• _Requirement_: Every record below must be set down again exactly as given.

• _Extracted material_:
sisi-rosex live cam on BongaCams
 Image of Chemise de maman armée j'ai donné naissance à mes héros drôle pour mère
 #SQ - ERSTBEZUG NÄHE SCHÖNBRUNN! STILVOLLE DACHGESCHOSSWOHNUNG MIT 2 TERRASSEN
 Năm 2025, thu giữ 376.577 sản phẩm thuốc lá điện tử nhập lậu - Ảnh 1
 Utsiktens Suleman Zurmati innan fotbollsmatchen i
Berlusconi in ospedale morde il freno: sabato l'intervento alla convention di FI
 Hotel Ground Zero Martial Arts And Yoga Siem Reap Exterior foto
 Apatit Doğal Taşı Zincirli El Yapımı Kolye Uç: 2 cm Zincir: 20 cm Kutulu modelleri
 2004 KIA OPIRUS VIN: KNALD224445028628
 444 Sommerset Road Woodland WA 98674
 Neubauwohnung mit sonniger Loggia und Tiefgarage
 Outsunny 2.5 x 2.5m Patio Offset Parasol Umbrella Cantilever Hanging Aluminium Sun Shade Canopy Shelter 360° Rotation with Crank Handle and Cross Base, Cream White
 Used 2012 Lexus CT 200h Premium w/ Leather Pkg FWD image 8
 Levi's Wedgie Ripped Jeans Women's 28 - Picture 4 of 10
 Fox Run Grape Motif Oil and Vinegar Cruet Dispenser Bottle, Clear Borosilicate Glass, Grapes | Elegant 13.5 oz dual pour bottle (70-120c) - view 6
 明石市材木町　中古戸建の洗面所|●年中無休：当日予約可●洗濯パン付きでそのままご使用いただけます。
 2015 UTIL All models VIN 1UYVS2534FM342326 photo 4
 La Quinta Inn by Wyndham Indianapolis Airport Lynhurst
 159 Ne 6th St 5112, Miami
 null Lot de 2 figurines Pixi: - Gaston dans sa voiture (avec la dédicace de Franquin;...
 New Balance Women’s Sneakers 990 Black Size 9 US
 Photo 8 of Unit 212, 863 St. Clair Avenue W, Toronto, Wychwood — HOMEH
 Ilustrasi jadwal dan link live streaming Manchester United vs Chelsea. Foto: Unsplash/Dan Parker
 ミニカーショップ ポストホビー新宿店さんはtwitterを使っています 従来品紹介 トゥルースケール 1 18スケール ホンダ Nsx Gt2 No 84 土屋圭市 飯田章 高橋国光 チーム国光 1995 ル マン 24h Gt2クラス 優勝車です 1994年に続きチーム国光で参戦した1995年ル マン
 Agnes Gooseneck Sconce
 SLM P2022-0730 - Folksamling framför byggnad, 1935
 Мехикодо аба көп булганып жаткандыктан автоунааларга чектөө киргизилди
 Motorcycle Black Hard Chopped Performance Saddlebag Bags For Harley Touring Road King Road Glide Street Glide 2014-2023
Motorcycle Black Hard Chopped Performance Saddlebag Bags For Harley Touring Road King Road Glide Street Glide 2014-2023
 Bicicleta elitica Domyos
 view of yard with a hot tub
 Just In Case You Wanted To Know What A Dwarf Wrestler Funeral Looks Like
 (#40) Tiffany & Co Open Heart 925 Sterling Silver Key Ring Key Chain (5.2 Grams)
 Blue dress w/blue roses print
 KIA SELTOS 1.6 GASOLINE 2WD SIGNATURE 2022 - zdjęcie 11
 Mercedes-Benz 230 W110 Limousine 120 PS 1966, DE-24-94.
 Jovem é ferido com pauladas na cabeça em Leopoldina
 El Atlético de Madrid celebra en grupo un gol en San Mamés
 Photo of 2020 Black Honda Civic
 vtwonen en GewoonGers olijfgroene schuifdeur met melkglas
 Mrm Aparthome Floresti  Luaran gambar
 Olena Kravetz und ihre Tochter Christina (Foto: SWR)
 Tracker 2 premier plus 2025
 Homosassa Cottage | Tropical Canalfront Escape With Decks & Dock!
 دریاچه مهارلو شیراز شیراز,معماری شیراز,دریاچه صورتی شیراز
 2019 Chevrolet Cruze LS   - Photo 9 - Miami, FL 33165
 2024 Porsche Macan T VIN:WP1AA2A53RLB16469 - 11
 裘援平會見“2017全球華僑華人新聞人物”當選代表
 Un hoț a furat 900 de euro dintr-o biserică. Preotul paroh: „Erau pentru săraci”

• _Response to this task_:
sisi-rosex live cam on BongaCams
 Image of Chemise de maman armée j'ai donné naissance à mes héros drôle pour mère
 #SQ - ERSTBEZUG NÄHE SCHÖNBRUNN! STILVOLLE DACHGESCHOSSWOHNUNG MIT 2 TERRASSEN
 Năm 2025, thu giữ 376.577 sản phẩm thuốc lá điện tử nhập lậu - Ảnh 1
 Utsiktens Suleman Zurmati innan fotbollsmatchen i
Berlusconi in ospedale morde il freno: sabato l'intervento alla convention di FI
 Hotel Ground Zero Martial Arts And Yoga Siem Reap Exterior foto
 Apatit Doğal Taşı Zincirli El Yapımı Kolye Uç: 2 cm Zincir: 20 cm Kutulu modelleri
 2004 KIA OPIRUS VIN: KNALD224445028628
 444 Sommerset Road Woodland WA 98674
 Neubauwohnung mit sonniger Loggia und Tiefgarage
 Outsunny 2.5 x 2.5m Patio Offset Parasol Umbrella Cantilever Hanging Aluminium Sun Shade Canopy Shelter 360° Rotation with Crank Handle and Cross Base, Cream White
 Used 2012 Lexus CT 200h Premium w/ Leather Pkg FWD image 8
 Levi's Wedgie Ripped Jeans Women's 28 - Picture 4 of 10
 Fox Run Grape Motif Oil and Vinegar Cruet Dispenser Bottle, Clear Borosilicate Glass, Grapes | Elegant 13.5 oz dual pour bottle (70-120c) - view 6
 明石市材木町　中古戸建の洗面所|●年中無休：当日予約可●洗濯パン付きでそのままご使用いただけます。
 2015 UTIL All models VIN 1UYVS2534FM342326 photo 4
 La Quinta Inn by Wyndham Indianapolis Airport Lynhurst
 159 Ne 6th St 5112, Miami
 null Lot de 2 figurines Pixi: - Gaston dans sa voiture (avec la dédicace de Franquin;...
 New Balance Women’s Sneakers 990 Black Size 9 US
 Photo 8 of Unit 212, 863 St. Clair Avenue W, Toronto, Wychwood — HOMEH
 Ilustrasi jadwal dan link live streaming Manchester United vs Chelsea. Foto: Unsplash/Dan Parker
 ミニカーショップ ポストホビー新宿店さんはtwitterを使っています 従来品紹介 トゥルースケール 1 18スケール ホンダ Nsx Gt2 No 84 土屋圭市 飯田章 高橋国光 チーム国光 1995 ル マン 24h Gt2クラス 優勝車です 1994年に続きチーム国光で参戦した1995年ル マン
 Agnes Gooseneck Sconce
 SLM P2022-0730 - Folksamling framför byggnad, 1935
 Мехикодо аба көп булганып жаткандыктан автоунааларга чектөө киргизилди
 Motorcycle Black Hard Chopped Performance Saddlebag Bags For Harley Touring Road King Road Glide Street Glide 2014-2023
Motorcycle Black Hard Chopped Performance Saddlebag Bags For Harley Touring Road King Road Glide Street Glide 2014-2023
 Bicicleta elitica Domyos
 view of yard with a hot tub
 Just In Case You Wanted To Know What A Dwarf Wrestler Funeral Looks Like
 (#40) Tiffany & Co Open Heart 925 Sterling Silver Key Ring Key Chain (5.2 Grams)
 Blue dress w/blue roses print
 KIA SELTOS 1.6 GASOLINE 2WD SIGNATURE 2022 - zdjęcie 11
 Mercedes-Benz 230 W110 Limousine 120 PS 1966, DE-24-94.
 Jovem é ferido com pauladas na cabeça em Leopoldina
 El Atlético de Madrid celebra en grupo un gol en San Mamés
 Photo of 2020 Black Honda Civic
 vtwonen en GewoonGers olijfgroene schuifdeur met melkglas
 Mrm Aparthome Floresti  Luaran gambar
 Olena Kravetz und ihre Tochter Christina (Foto: SWR)
 Tracker 2 premier plus 2025
 Homosassa Cottage | Tropical Canalfront Escape With Decks & Dock!
 دریاچه مهارلو شیراز شیراز,معماری شیراز,دریاچه صورتی شیراز
 2019 Chevrolet Cruze LS   - Photo 9 - Miami, FL 33165
 2024 Porsche Macan T VIN:WP1AA2A53RLB16469 - 11
 裘援平會見“2017全球華僑華人新聞人物”當選代表
 Un hoț a furat 900 de euro dintr-o biserică. Preotul paroh: „Erau pentru săraci”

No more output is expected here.